Btech Dataset

BTech Dataset.

This script contains PyTorch Lightning DataModule for the BTech dataset.

If the dataset is not on the file system, the script downloads and extracts the dataset and create PyTorch data objects.

class anomalib.data.btech.BTech(root: Path | str, category: str, image_size: int | tuple[int, int] | None = None, center_crop: int | tuple[int, int] | None = None, normalization: str | InputNormalizationMethod = InputNormalizationMethod.IMAGENET, train_batch_size: int = 32, eval_batch_size: int = 32, num_workers: int = 8, task: TaskType = TaskType.SEGMENTATION, transform_config_train: str | A.Compose | None = None, transform_config_eval: str | A.Compose | None = None, test_split_mode: TestSplitMode = TestSplitMode.FROM_DIR, test_split_ratio: float = 0.2, val_split_mode: ValSplitMode = ValSplitMode.SAME_AS_TEST, val_split_ratio: float = 0.5, seed: int | None = None)[source]

Bases: AnomalibDataModule

BTech Lightning Data Module.

Parameters:
  • root (Path | str) – Path to the BTech dataset.

  • category (str) – Name of the BTech category.

  • image_size (int | tuple[int, int] | None, optional) – Variable to which image is resized. Defaults to None.

  • center_crop (int | tuple[int, int] | None, optional) – When provided, the images will be center-cropped to the provided dimensions. Defaults to None.

  • normalization (str | InputNormalizationMethod, optional) – When True, the images will be normalized to the ImageNet statistics. Defaults to InputNormalizationMethod.IMAGENET.

  • train_batch_size (int, optional) – Training batch size. Defaults to 32.

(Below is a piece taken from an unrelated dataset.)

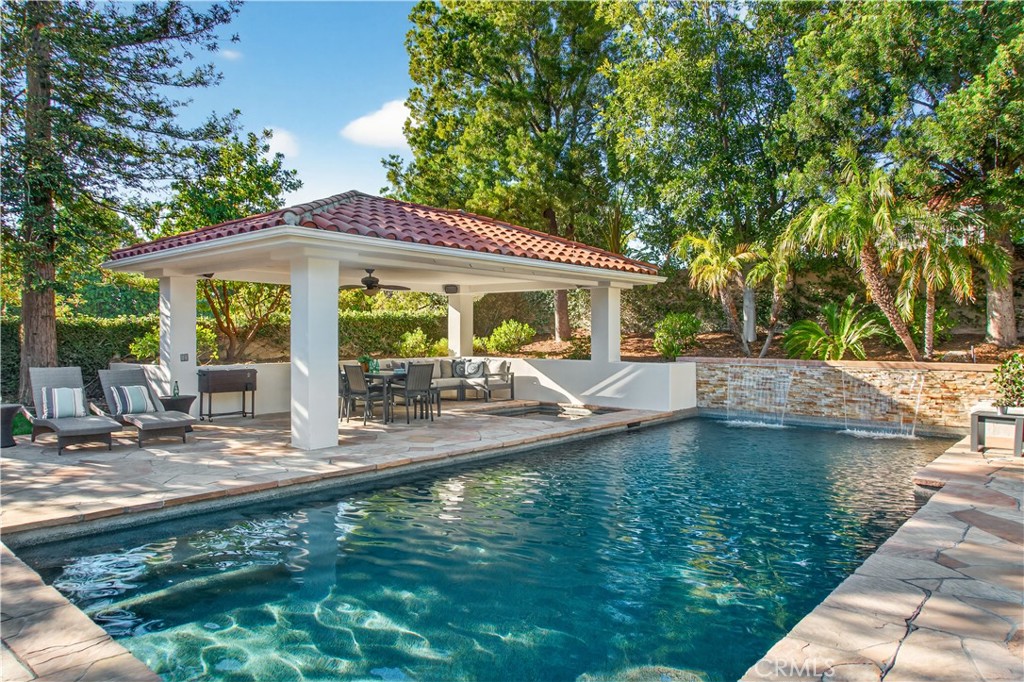 25527 Hamilton Court Calabasas, CA 91302 - Photo 44 of 56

  • eval_batch_size (int, optional) – Eval batch size. Defaults to 32.

  • num_workers (int, optional) – Number of workers. Defaults to 8.

  • task (TaskType, optional) – Task type. Defaults to TaskType.SEGMENTATION.

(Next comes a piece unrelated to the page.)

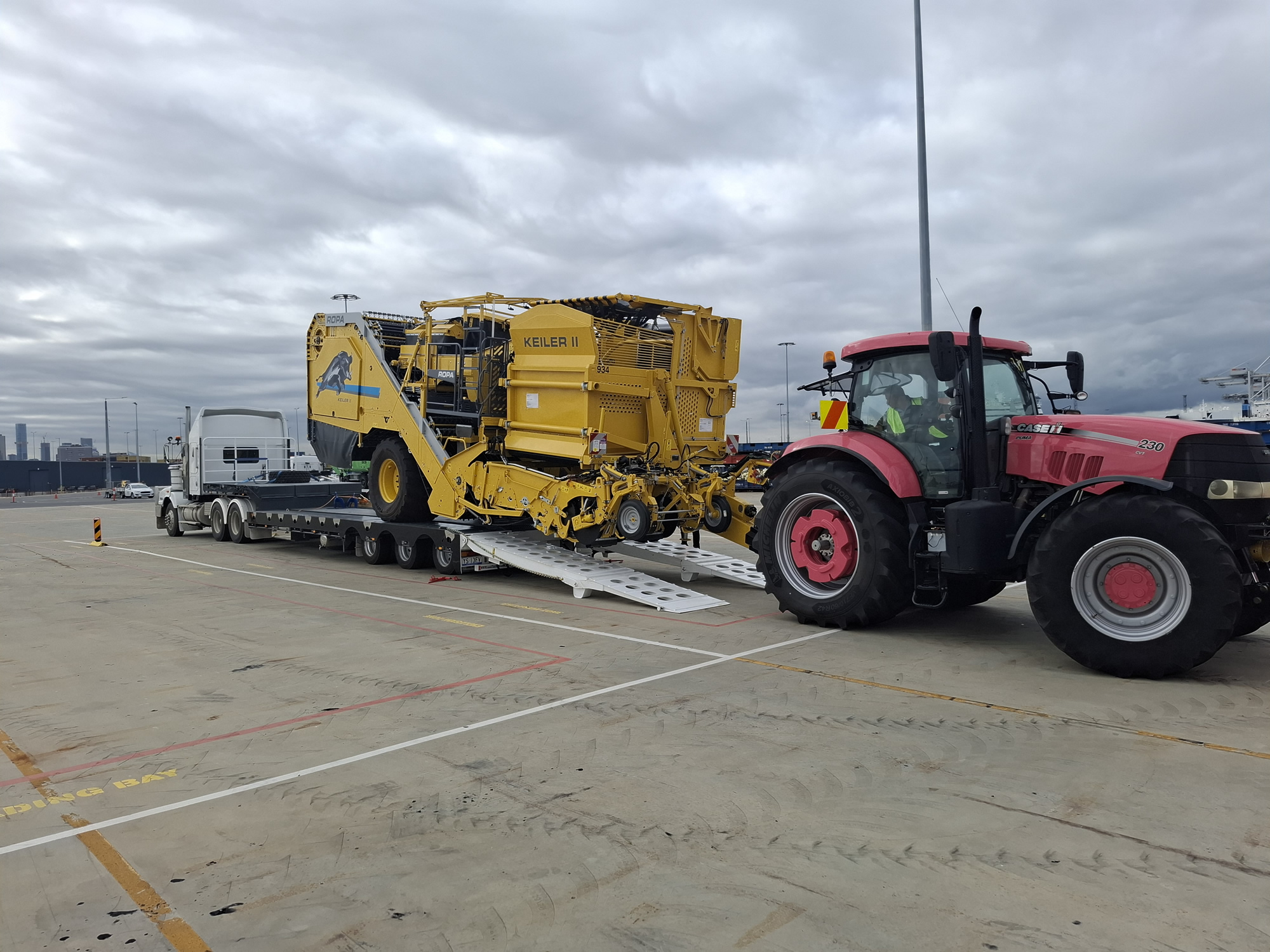 Specialized transport for wheeled cargo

  • transform_config_train (str | A.Compose | None, optional) – Config for pre-processing during training. Defaults to None.

  • transform_config_eval (str | A.Compose | None, optional) – Config for pre-processing during validation. Defaults to None.

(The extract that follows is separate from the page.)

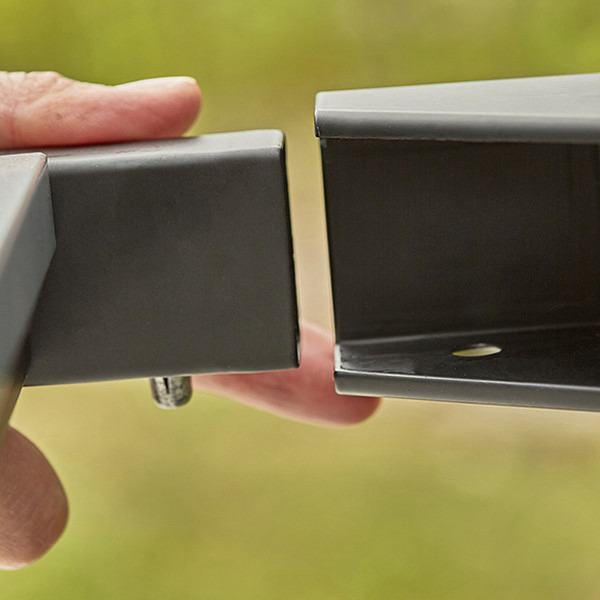 Détail du système de clips du barbecue à charbon en fonte EASY 60, référence CH042T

  • test_split_mode (TestSplitMode, optional) – Setting that determines how the testing subset is obtained. Defaults to TestSplitMode.FROM_DIR.

  • test_split_ratio (float, optional) – Fraction of images from the train set that will be reserved for testing. Defaults to 0.2.

  • val_split_mode (ValSplitMode, optional) – Setting that determines how the validation subset is obtained. Defaults to ValSplitMode.SAME_AS_TEST.

  • val_split_ratio (float, optional) – Fraction of train or test images that will be reserved for validation. Defaults to 0.5.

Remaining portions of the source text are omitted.